» **Data section**:
===

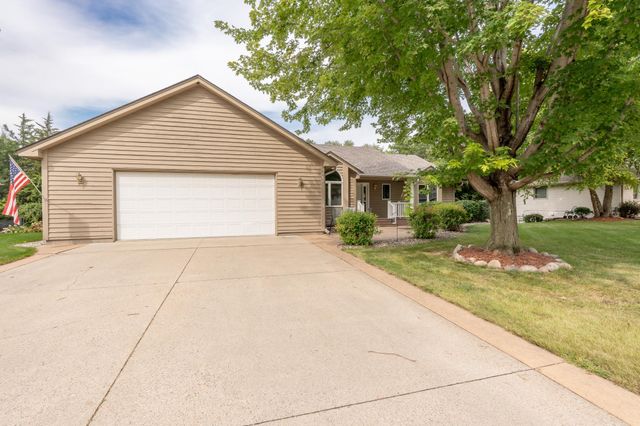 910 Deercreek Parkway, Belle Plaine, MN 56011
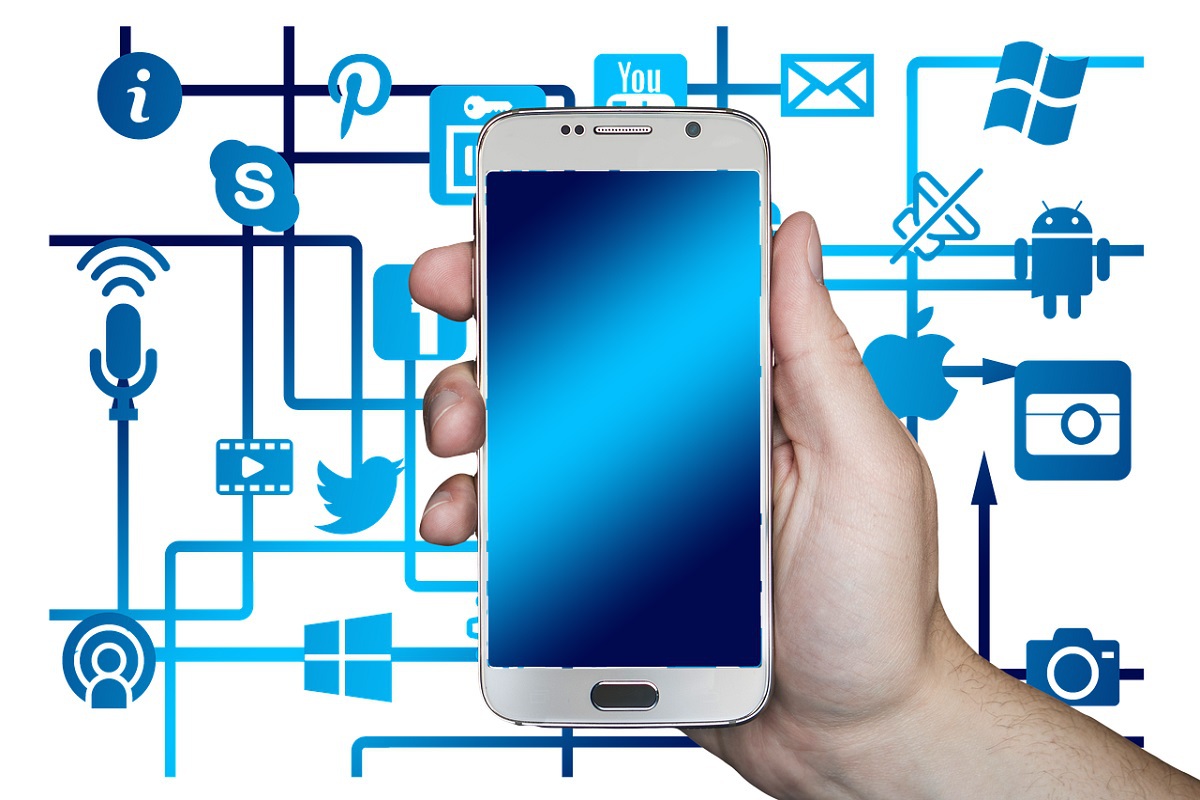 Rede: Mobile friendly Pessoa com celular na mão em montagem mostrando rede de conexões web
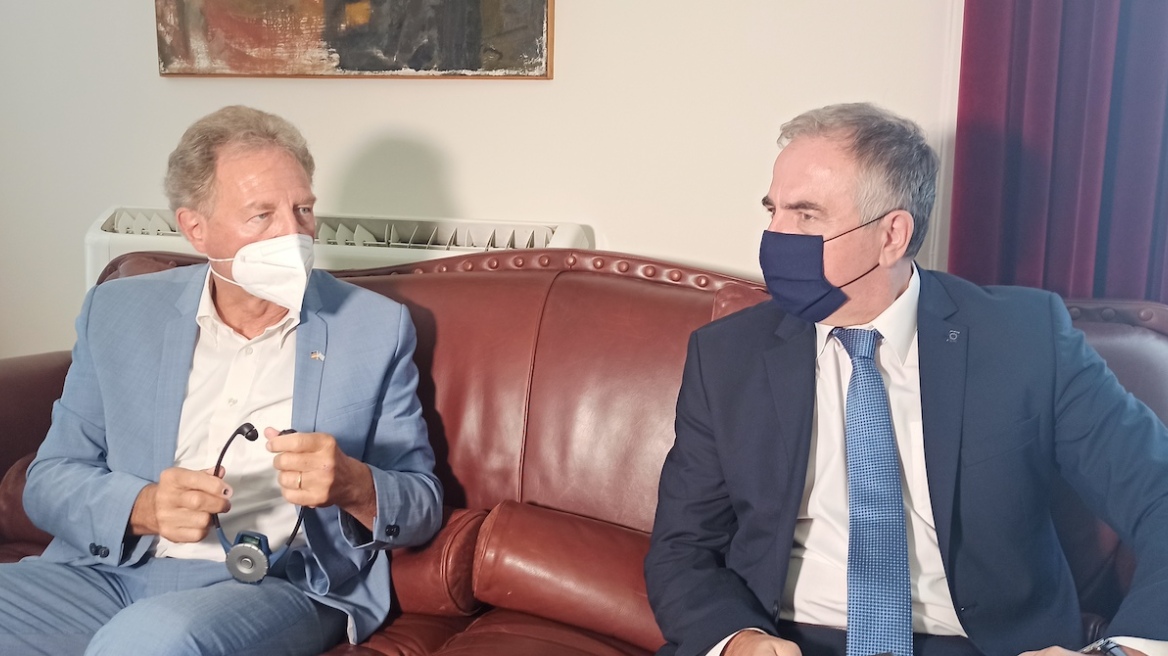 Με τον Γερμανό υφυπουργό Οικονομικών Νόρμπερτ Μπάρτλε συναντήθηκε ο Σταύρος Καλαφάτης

===

» **What you have to do**: Reproduce, word for word, everything in the listing above except the pictures.

» **Response box**:
 910 Deercreek Parkway, Belle Plaine, MN 56011
 Rede: Mobile friendly Pessoa com celular na mão em montagem mostrando rede de conexões web
 Με τον Γερμανό υφυπουργό Οικονομικών Νόρμπερτ Μπάρτλε συναντήθηκε ο Σταύρος Καλαφάτης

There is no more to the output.